Dark passage into the liberal mind
Posted by Craig Westover | 9:26 AM |Like an overly ambitious pup taking a run at the alpha male, Spotty sends me an email whenever he mentions my name in a post, which does remind of his existence. Like this post on Education Week’s “Chance for Success Index” (which ranks Minnesota third in the nation), Spotty’s posts are more bash than bite and not worth more than quick skim. What inspires my post is not Spot’s rant, but his email, which provides a teachable moment in understanding the activist liberal mind.

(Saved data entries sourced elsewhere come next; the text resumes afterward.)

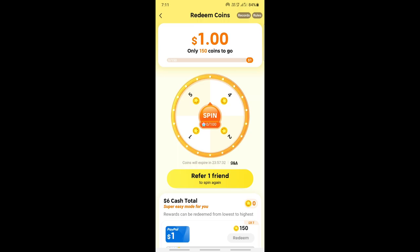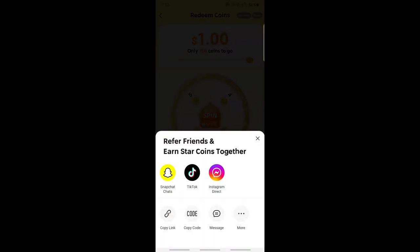From there, go to the Spin section. In order to spin, you need coins. To get coins, click on 'Refer One Friend'.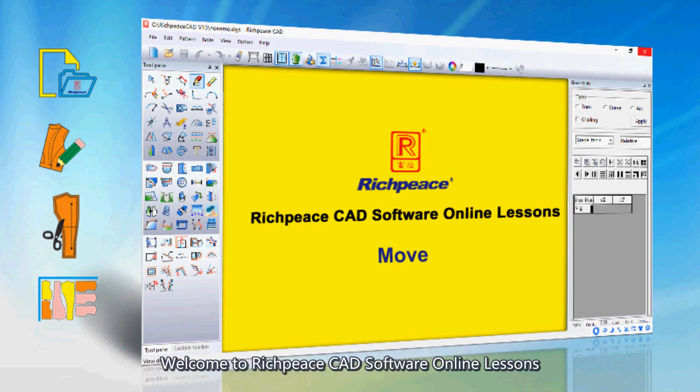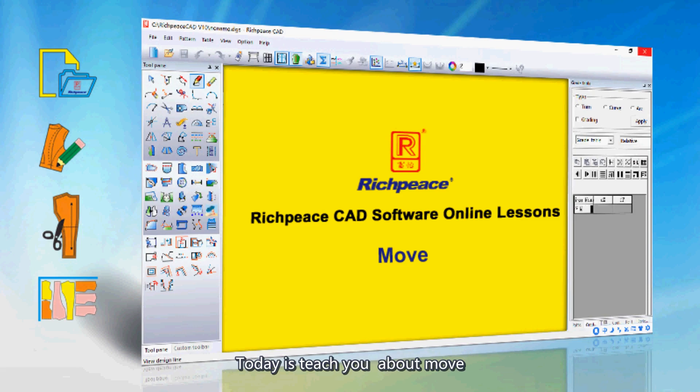Welcome to Richpeace CAD software online lessons. Today I teach you about moving.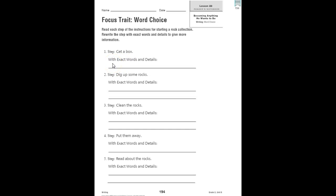A sentence with exact words and details might be find a large box that has lots of different sections, especially if you want the rocks to have their own section of a box. So you can use your imagination. Remember, these are steps and instructions for starting a rock collection. Just imagine you're doing that and add some exact words and details to these very non-specific sentences on this page. So, let's try to do that.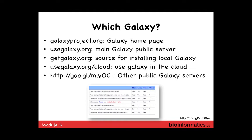A third version of Galaxy — after the main public server and the self-installed version — is the cloud version, running on Amazon, which is what we'll also be using today. The Amazon image that has Galaxy is publicly available to anyone who wants to use it, allowing you to start using Amazon directly in the cloud. You could also install Galaxy on other clouds if you were so inclined.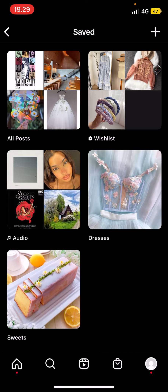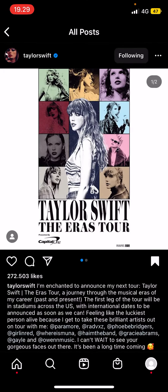You can also save audio and even create folders for things like the posts that you saved on Instagram. As you can see, the post that I have saved is up here on the very left.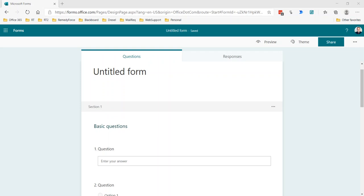But when you add branching to sections, your only choice, you can't make those branching from one section to another conditional. It's simply at the end of this section, go to whatever section.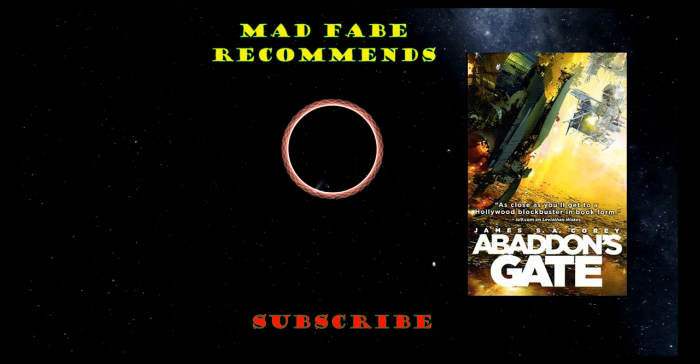Hello everyone and welcome to another Recommends video. This time we're continuing with The Expanse series that was written by James S.A. Corey, who are Daniel Abraham and Ty Franck. This is the third book in the series and it's called Abaddon's Gate.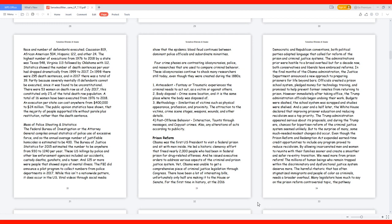And a year and a half later, the White House declared that improving prisoner education and reducing recidivism was a top priority. The Trump administration appeared serious about its proposals, and during the Trump era, chances for bipartisan reform of the criminal justice system seemed unlikely. But to the surprise of many, some much-needed modest changes did occur.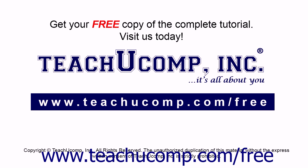Get your free copy of the complete tutorial at www.teachucomp.com forward slash free.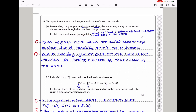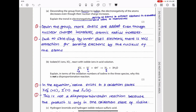Electronegativity refers to how strongly one of the atoms in a covalent bond attracts both electrons in that bond to itself. As you go down the group from fluorine to iodine, more shells are added, so the atomic radius gets bigger. Even though the nuclear charge increases because the number of protons increases, the atomic radius also increases due to shielding by inner shell electrons. There is therefore less attraction for bonding electrons by the nucleus, lowering the electronegativity.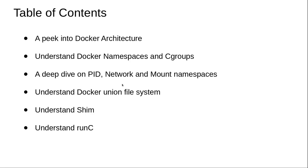Hi everyone, and this is the table of contents for this particular course. As part of this course, you will have a look at the Docker architecture. You will also have an understanding of namespaces and cgroups.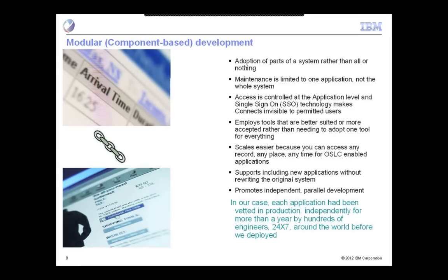This is really a modular component-based development. You can adopt parts of a system rather than all or nothing. So you can stage the implementation because it's component-based. When you make a change and somebody says they need a new field, the IT person doesn't have to revisit giant schematics to figure out the downstream impacts. When you do maintenance, you do maintenance to one of the modular components, which frees you up to keep up with changes that go on in your business.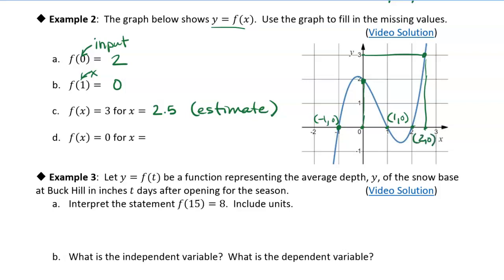All of those points have a y value of zero, which means the function value is zero — f of x is equal to zero. So we've got more than one answer in this case: negative one, one, and two. All of those x values give you a function value of zero. I'll see you in the next video for the next example.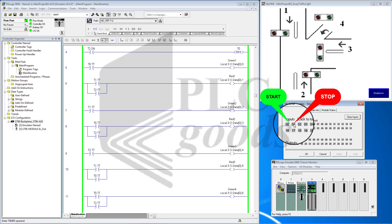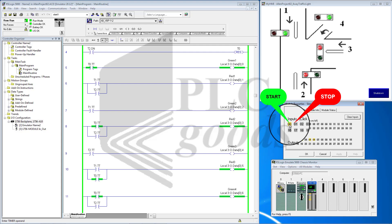The system shuts down immediately whenever the Stop button is pressed. Depressing the Start button turns the system on again.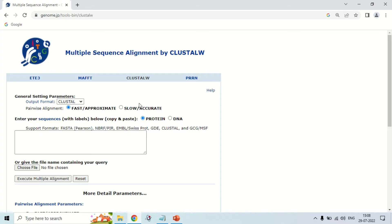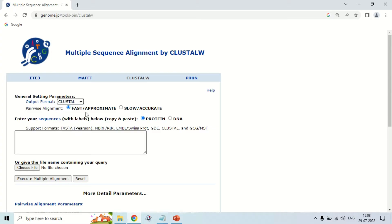Now there are options. The first option is the output format — this is the format in which you want your results. You can see many output formats, but we are choosing Cluster. Next is the alignment, either fast or approximate, and slow or accurate. I am going to choose slow and accurate. It is slow, but it gives the most appropriate results.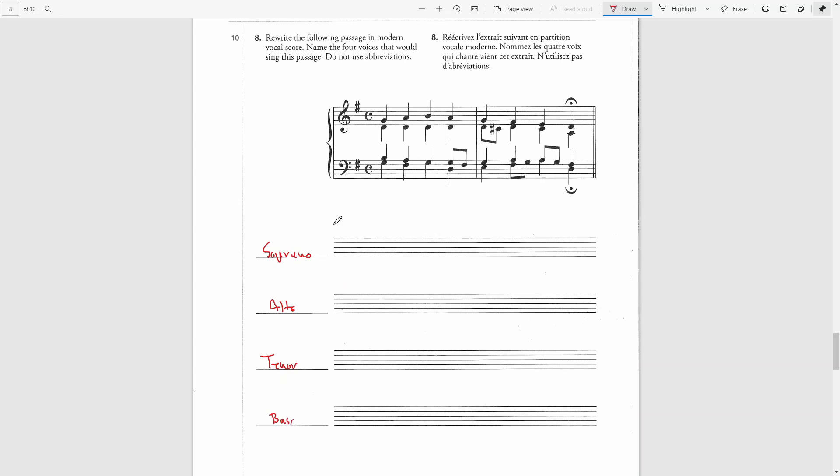We need to connect these four staves. The clefs for the four voices will be treble clef for the soprano voice, for alto, and tenor, and bass clef for the bass voice. Then the key signature, the time signature.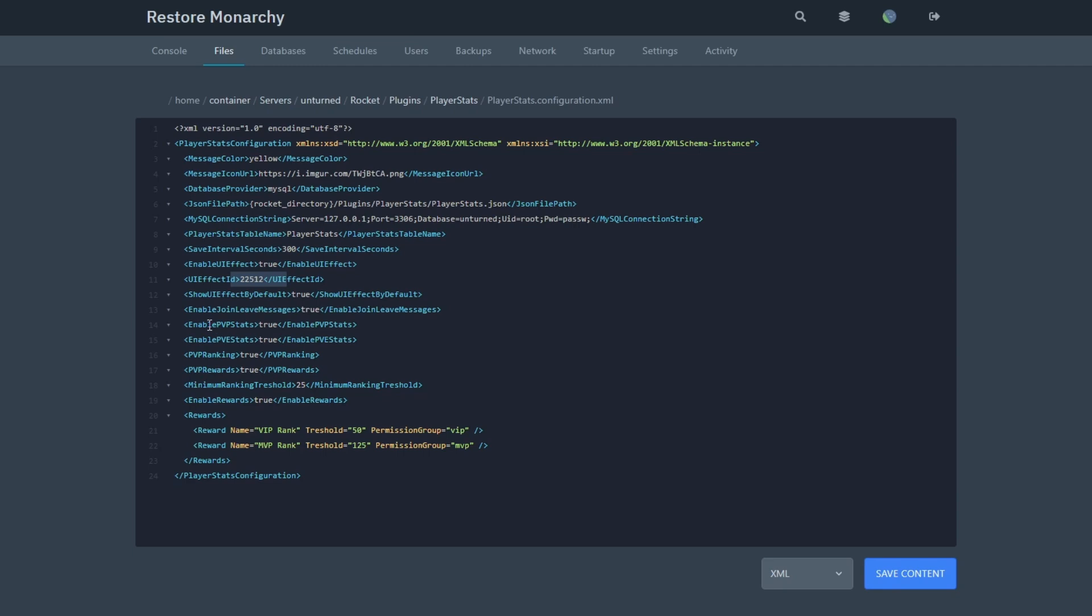The next thing is Join Leave Message. For example, if someone joins a server, it will send a message and if they leave the server, they'll get a message as well.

The subject of the email Spotty sent me was “More bad news for education!” The first paragraph of his post is --
The bad news keeps rolling in for the governor, Captain Fishsticks, and of course, our dear Katie. They so love to bash public education. It must be dismaying to have public school excellence, especially in Minnesota, continually rubbed in their pinched, sour faces.Spotty assumes that because I argue that parental school choice would improve overall public education, I must regard any achievement of public schools as necessarily a bad thing. I must hope that public education fails, and consequently I‘m willing to sacrifice a child‘s education for the sake of political points. He assumes that the argument for school choice rests solely on public school failure. Nonsense!
Like most liberals and many conservatives, Spotty is locked into the notion that government-run schools and private schools are not both part of a larger system of “public education.” The more choice a system provides, the more opportunity for positive innovation. Conversely, the more monopolistic a system is, the less innovative it becomes and the higher the eggs-in-one-basket risk -- a single bad government innovation affects every student, unlike the failure of a single charter or private school.
I haven’t read the Education Week study, so I can’t comment on what the aggregate numbers really mean, but one doesn’t need to be a statistician to figure out that Spotty is using the same statistical rationale as Education Commissioner Alice Seagren, whom he deplores.
Seagren rationalizes Minnesota’s low proficiency in math and reading scores by pointing out that this year harder tests applied to more rigid standards and given to more students accounted for lower proficiency scores. Well, that may be true, but those scores still indicate that by the standards we’re using today, students are not proficient. Spot on the other hand, says education in Minnesota is great because we are ranked third in the nation in an index that uses the very same proficiency scores to make its ranking.
In other words, an initial skim of the analysis shows that Minnesota is the one-eyed man in the land of the blind. Hardly cause for celebration. The point is “public education,” in it’s broadest sense of government-run schools and private schools among other choices, needs to improve. The more choice, the more people innovating, the better the odds of that happening.
And now for the teachable moment -- given Spotty’s projection -- that because I support school choice I must hope for public school failures -- what does that say about how Spotty views the economy? The war in Iraq? Does Spotty hope for a higher unemployment rate to prove the Bush tax cuts are bad? Does he desire more body bags to discredit the war effort? Is it any wonder that we would think that is so? That we might question his compassion? Activist liberals, like prostitutes, generally charge (tax) more to display sincerity.